In terms of the car shown here, the Volkswagen GOLF DIESEL HATCHBACK 2.0 TDI 184 GTD 5dr Manual, this is based on the following configuration:
· Deep Black Pearlescent Paint
· Jacara cloth – Titan black/grey
· 18″ Seville alloy wheel
As standard the car includes heat insulated tinted glass, LED headlights with dynamic cornering, 18” alloys wheels, discover navigation, front sports seats, winter pack, driver and passenger lumbar support, rain sensors, auto hold electronic handbrake, automatic post collision braking, front and read carpet mats, Bluetooth, adaptive cruise control with pedestrian detection, drive mode selector, front and rear parking sensors, 8” touch screen, auto dimming rear view mirror, DAB radio, electrically adjustable and heated door mirrors, twin exhaust pipes, LED daytime running lights, climate control, multifunction leather steering wheel, stainless steel pedals, ambient lighting pack, mirror pack, alarm with interior protection, immobiliser, XDS differential lock and space saver spare wheel. In terms of additional factory options, consider adding heated insulated glass 90%, electric sliding panoramic glass sunroof and keyless entry.

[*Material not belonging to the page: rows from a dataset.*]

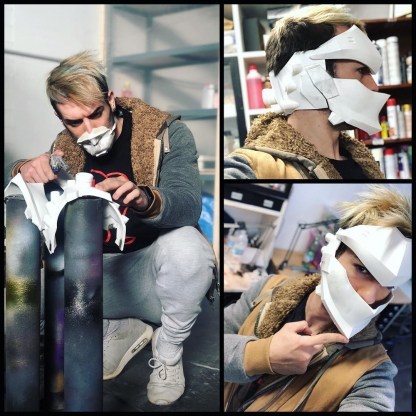 Overwatch Cosplay Battle — косплей-баттл для поклонников игры Blizzard Overwatch Cosplay Battle — косплей-баттл для поклонников игры Blizzard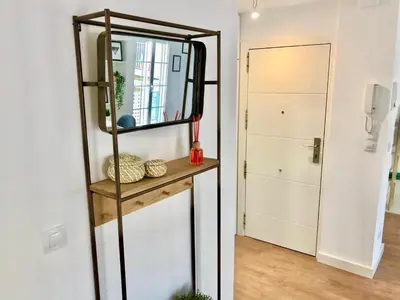 Plano de Apartamento Centrico - Casta Alvarez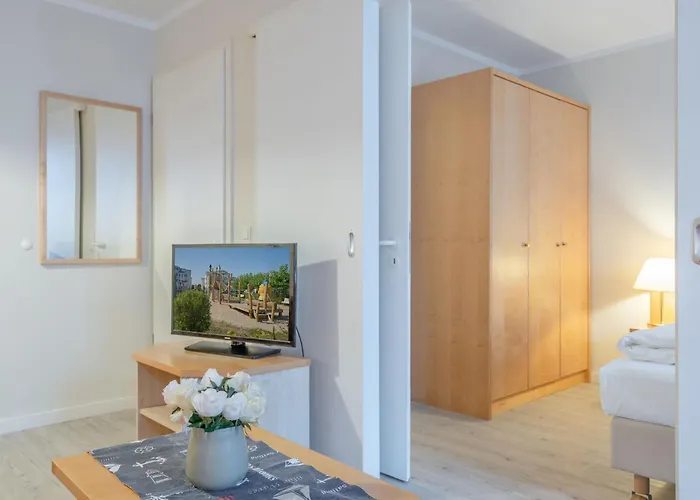 Apartment 667, Seepark Sellin (Rugen)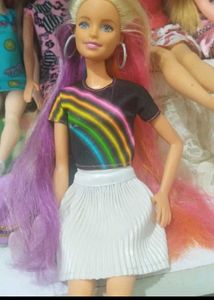 8 Pack Dolls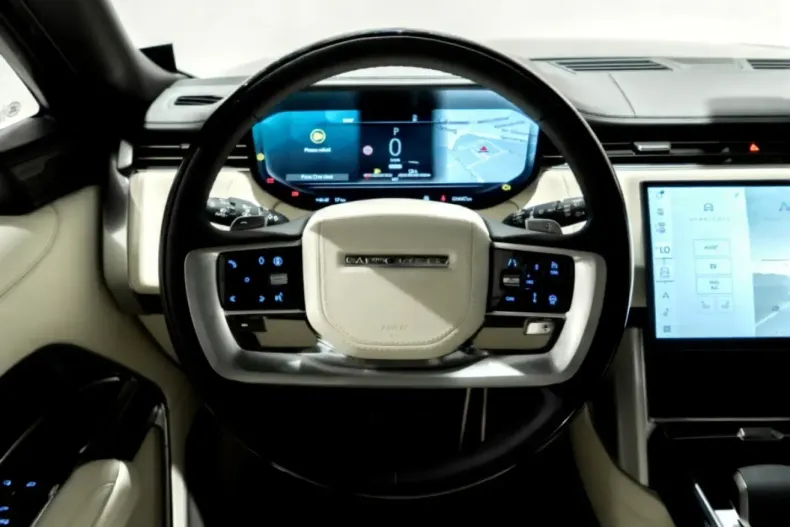 Land Rover Range Rover din 2025 cu 28 km - oferta LAN196103 - foto 11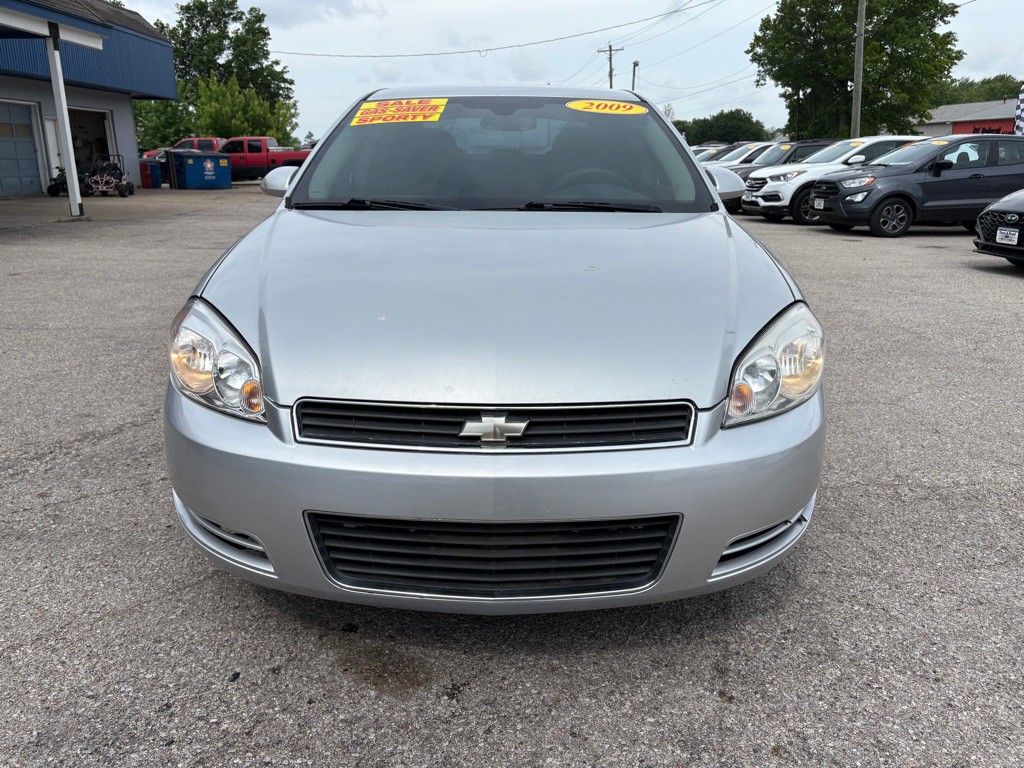 2009 Chevrolet Impala Image 8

On the technical-side company car and business users can note the P11d at £28,780.00 and CO2 at 125g/km for calculating tax/BiK. The 1968CC 6 speed manual engine delivers 60.1 combined MPG, 184ps and 0-62 times of 7.5 seconds. The service intervals on a diesel Golf are every 24 months or 10,000 miles, whichever lands sooner.
Find the webs best lease deals on the VW Golf right here @CarLease UK —> You can also read more hatchback reviews below.
From September 2018, any newly-registered vehicles must be tested under WLTP. Unlike the previous NEDC standards, the weight/aerodynamics/electrical systems will also be taken into account.
In practice, the new driving cycles/procedures are going to try to replicate the driving situations you encounter each day (the test will be longer in duration/higher speeds/more braking). The result will be that many vehicles will show higher CO2 emissions and reduced fuel economy. The big concern with this is that company car drivers could be affected by the changes although HMRC are in consultation with the industry for potential BiK adjustments for WLTP i.e. by using NEDC until April 2020.
The emission of a vehicles affects the company/driver in two ways:
1. The Lease Rental Restriction – a company contract hiring a vehicle can claim back a proportion of the rentals payable against corporation tax. From 2018, only vehicles emitting 110g/km, or less, can claim back 100% of the rentals. Any other vehicle will be restricted to 85% (Blocked Corporation Tax Relief);
2. Company Car Tax – customers looking to obtain a new vehicle need to carefully consider their choice. The tax a customer pays is based on the CO2, the P11d and their tax bracket. Moving forwards, customers need to think carefully about the CO2 as this will influence the BiK rate massively. Over the next 3 years, the rate of BiK is changing and any company car user in an “inefficient” vehicle is likely to be punished in their pockets.